Average-Pooled Tensor (manual):
tensor([[[0.7218, 0.5800],
         [0.5387, 0.4253]]])
Is it the same?: False

Max-Pooled Tensor (manual):
tensor([[[0.9813, 0.9192],
         [0.9940, 0.9859]]])
Is it the same?: True


In [20]:
# Define another tensor
tensor_1 = torch.rand(1, 4, 4) * 20 + 5
print(f'Tensor 1:\n{tensor_1}')
print(f'Mean : {tensor_1.mean()}')
print(f'Std  : {tensor_1.std()}')

# Setup a normalization layer
normalization_layer = torch.nn.BatchNorm1d(4)
normalized_tensor = normalization_layer(tensor_1)
print(f'\nNormalized Tensor:\n{normalized_tensor}')
print(f'Mean : {normalized_tensor.mean()}')
print(f'Std  : {normalized_tensor.std()}')

Tensor 1:
tensor([[[14.1492, 16.2734, 18.0320, 17.1201],
         [ 8.4800, 15.2588, 15.1151,  8.5726],
         [13.1176, 19.5021, 18.3224,  8.0068],
         [10.3068,  8.2278, 20.0766, 17.6381]]])
Mean : 14.262460708618164
Std  : 4.286467552185059

Normalized Tensor:
tensor([[[-1.5615, -0.0837,  1.1398,  0.5054],
         [-1.0137,  1.0214,  0.9783, -0.9859],
         [-0.3545,  1.0430,  0.7848, -1.4733],
         [-0.7622, -1.1842,  1.2207,  0.7257]]],
       grad_fn=<NativeBatchNormBackward0>)
Mean : -2.2351741790771484e-08
Std  : 1.032794713973999


The normalized tensor has mean equal to 0 and standard deviation equal to 1 (approximately).


In [21]:
# Define a third tensor
tensor_2 = torch.rand(1, 4, 4)
print(f'Tensor 2:\n{tensor_2}')

# Create a dropout layers
dropout_layer_1 = torch.nn.Dropout(p=0.4)
print(f'\nDropout (p=0.4):\n{dropout_layer_1(tensor_2)}')

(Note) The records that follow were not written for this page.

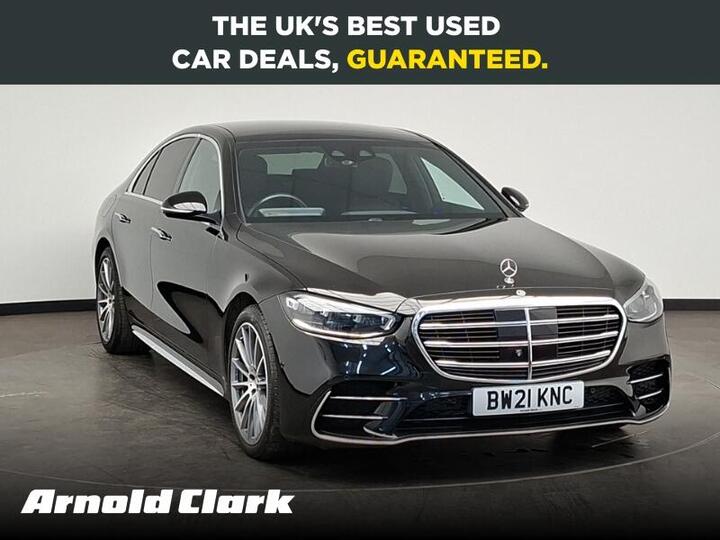 Mercedes-Benz S Class 2.9 S350d AMG Line (Premium) G-Tronic+ Euro 6 (s/s) 4dr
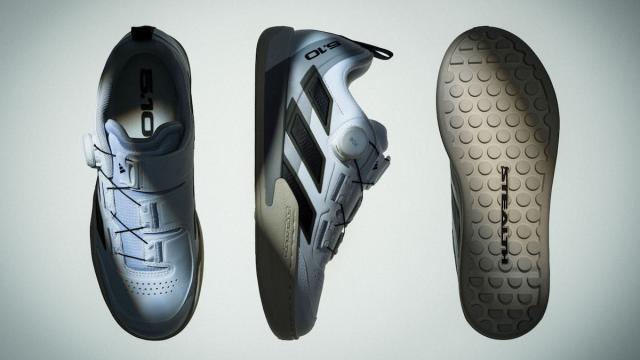 Adidas推出2027款Freerider骑行鞋 三道杠正式上身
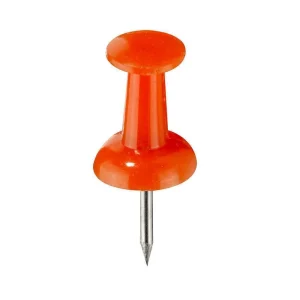 Caixa S 20un Pionés Alfinete Sortido 8x25mm Fadix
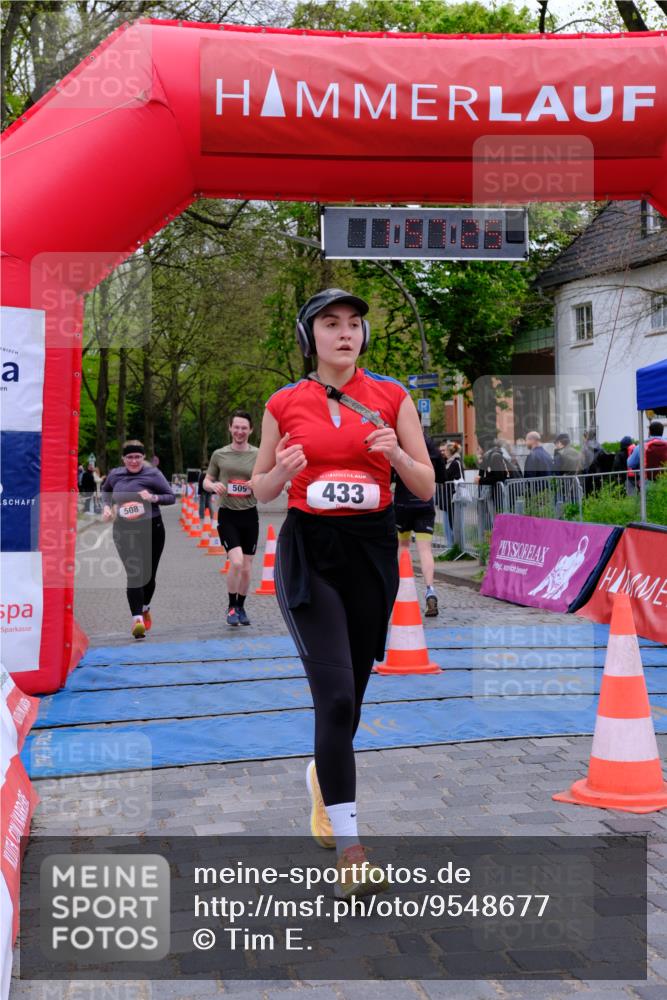 19.04.2026 - Hammer Lauf Tim E. http://msf.ph/oto/9548677 19.04.2026 12:57:33 Ziel 433, 508, 509, 525, 1268 meine-sportfotos.de
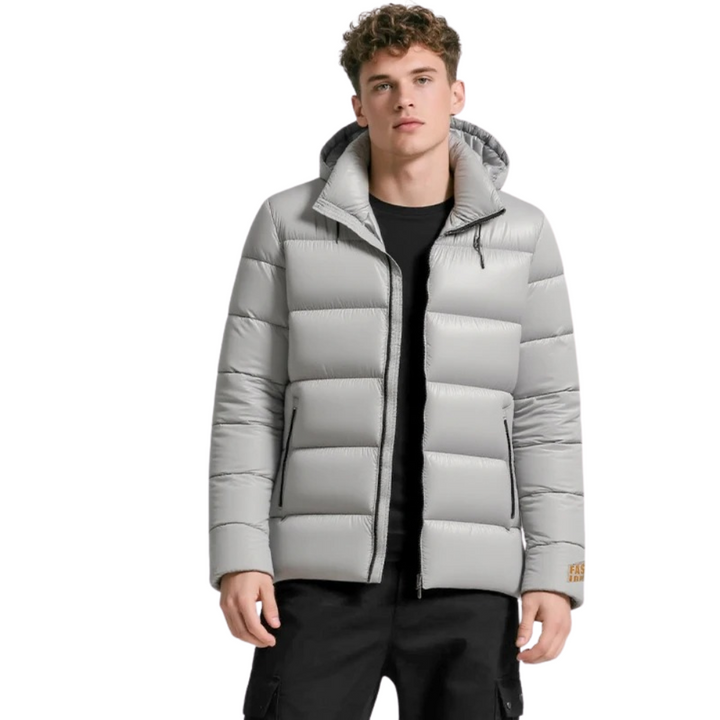 Elegante Pufferjacke mit langen Ärmeln
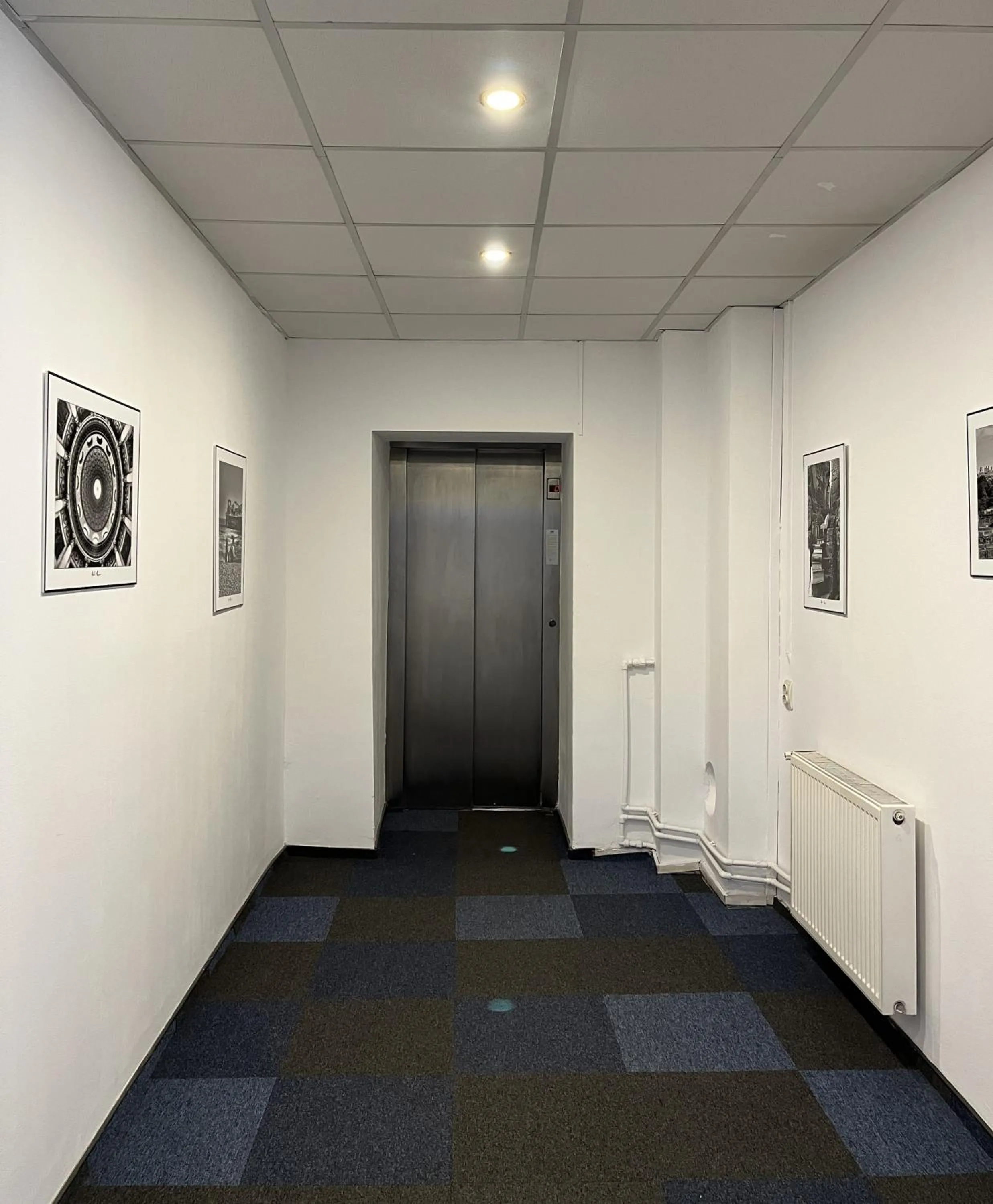 Lobby or reception in Hotel Tineretului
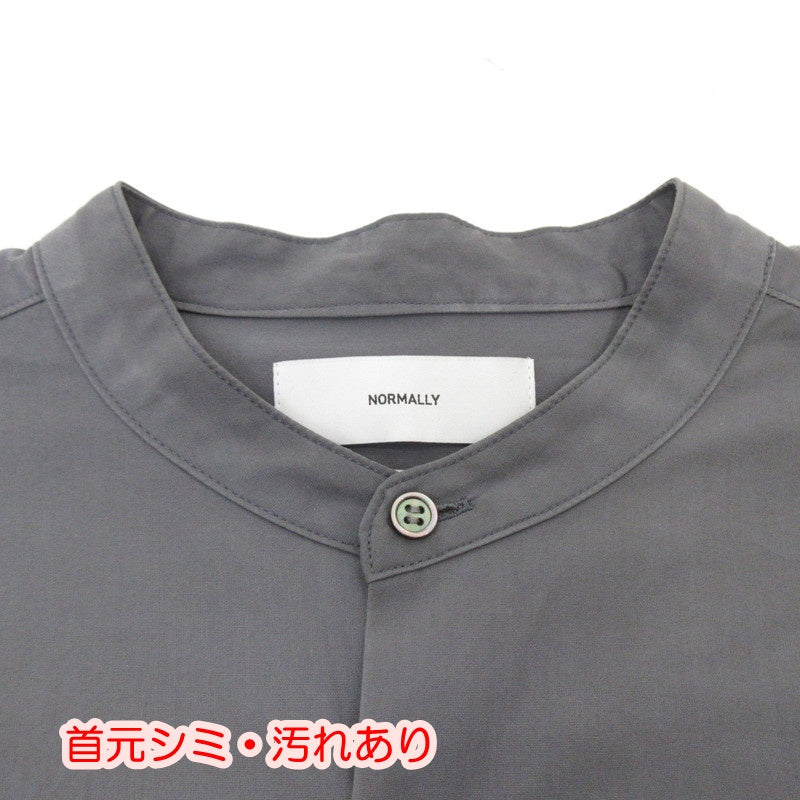 【中古】 長袖シャツ 903-71000029-X グレー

dropout_layer_2 = torch.nn.Dropout(p=1.0)
print(f'\nDropout (p=1.0):\n{dropout_layer_2(tensor_2)}')

Tensor 2:
tensor([[[0.9159, 0.5101, 0.0268, 0.1150],
         [0.1693, 0.8296, 0.4148, 0.4501],
         [0.8585, 0.5178, 0.8615, 0.1808],
         [0.4003, 0.0933, 0.0819, 0.4586]]])

Dropout (p=0.4):
tensor([[[0.0000, 0.0000, 0.0000, 0.0000],
         [0.0000, 0.0000, 0.0000, 0.7501],
         [0.0000, 0.8630, 0.0000, 0.3013],
         [0.6671, 0.1555, 0.1365, 0.7644]]])

Dropout (p=1.0):
tensor([[[0., 0., 0., 0.],
         [0., 0., 0., 0.],
         [0., 0., 0., 0.],
         [0., 0., 0., 0.]]])


These create sparse representations of the tensor based on the probability value.